The assumption is that, by relying on the parquet format, we get get to leverage all of the work that has gone into making this an efficient medium for analysis. For example, let's create a file that has 100000 streamlines, each with 100 points, checking the size of the file and how long it takes to load.

In [14]:
import tempfile
import time
from pathlib import Path


def human_size(bytes, units=[" bytes", "KB", "MB", "GB", "TB", "PB", "EB"]):
    """Returns a human readable string representation of bytes"""
    return str(bytes) + units[0] if bytes < 1024 else human_size(bytes >> 10, units[1:])

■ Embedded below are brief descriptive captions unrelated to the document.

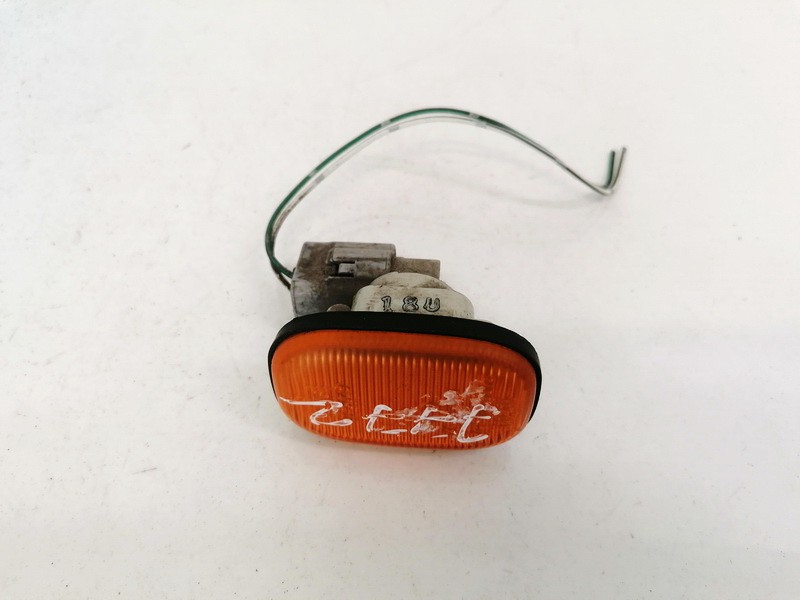 Clear Side Repeaters Right E13013047 USED Toyota AVENSIS VERSO 2001 2.0
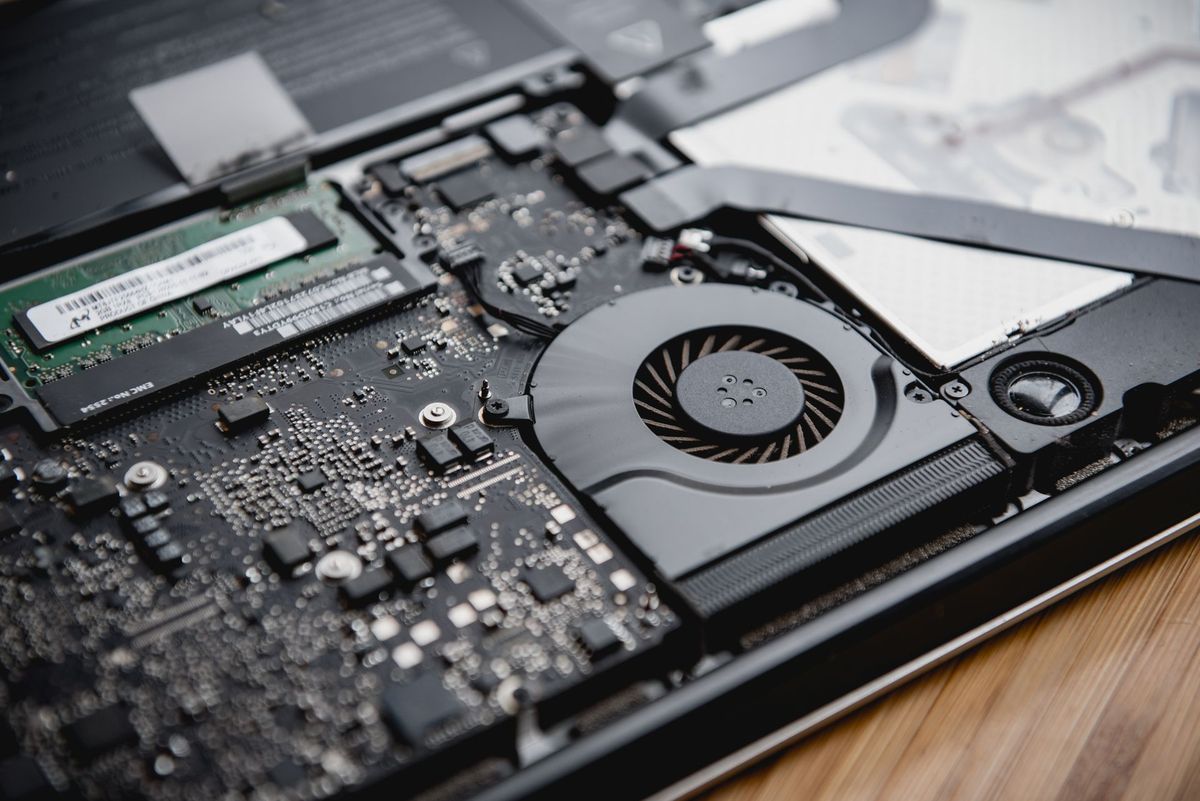 Laptop Fanı Neden Çok Ses Yapar? 7 Neden ve Çözümü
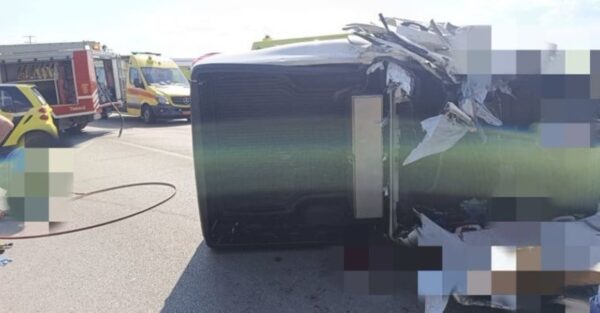 Τροχαίο – σοκ στη Θεσσαλονίκη: Νεκρός πατέρας και γιός μετά από σύγκρουση ΙΧ με φορτηγό – Τραυματίστηκαν η μητέρα και το άλλο παιδί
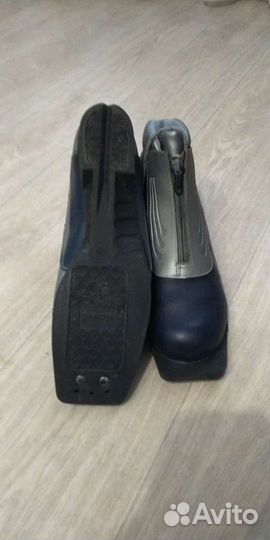 Лыжные ботинки 46 размер
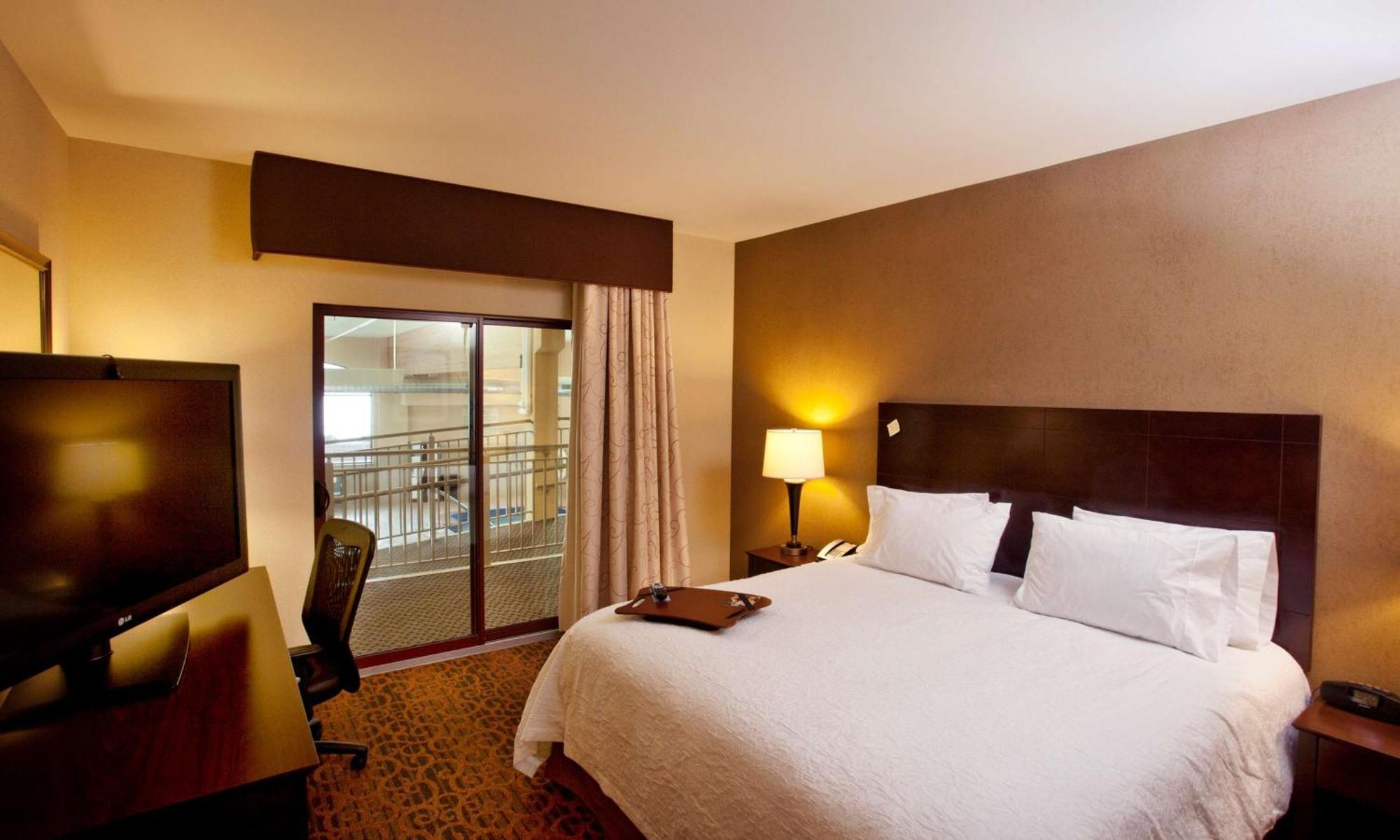 Hampton Inn Marquette-Waterfront Exteriör bild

with tempfile.NamedTemporaryFile(suffix=".parquet") as _f:
    f = Path(_f.name)
    trx = trxparquet.init_example_trxparquet(100000, 100)
    trx.to_file(f)
    size = human_size(f.stat().st_size)
    start = time.time()
    trx2 = trx.from_file(f, loadtype="memory_map")
    end = time.time()

print(f"size: {size}")
print(f"reading time: {end - start}")

trx2
del trx, trx2

size: 230MB
reading time: 0.11250829696655273


There are different ways of loading parquet files, each optimized for different purposes. The previous cell loaded files as a memory map. If only some streamlines need to be processed (or only some columns), then Lazy loading has many advantages. See: https://pola-rs.github.io/polars/user-guide/concepts/lazy-vs-eager/ . The reading time for lazy loading is minimal, but we can still extract useful information from the result.

In [15]:
with tempfile.NamedTemporaryFile(suffix=".parquet") as _f:
    f = Path(_f.name)
    trx = trxparquet.init_example_trxparquet(100000, 100)
    trx.to_file(f)
    start = time.time()
    n_streamlines_in_file = trx.from_file(f, loadtype="lazy").n_streamlines
    end = time.time()

print(f"reading time: {end - start}")
print(f"{n_streamlines_in_file=}")
del trx

reading time: 0.04939889907836914
n_streamlines_in_file=100000


Even when files are loaded into memory, the process is remains speedy.

In [16]:
with tempfile.NamedTemporaryFile(suffix=".parquet") as _f:
    f = Path(_f.name)
    trx = trxparquet.init_example_trxparquet(100000, 100)
    trx.to_file(f)
    start = time.time()
    trx2 = trx.from_file(f, loadtype="memory")
    end = time.time()

object_size = trx2.data.estimated_size("mb")
print(f"{object_size=} MB")
print(f"reading time: {end - start}")
del trx, trx2

object_size=305.17578125 MB
reading time: 0.1168370246887207


For a few additional examples, please see the tests.

Note that, at the time of writing, no group-level information has been incorporated into the prototype.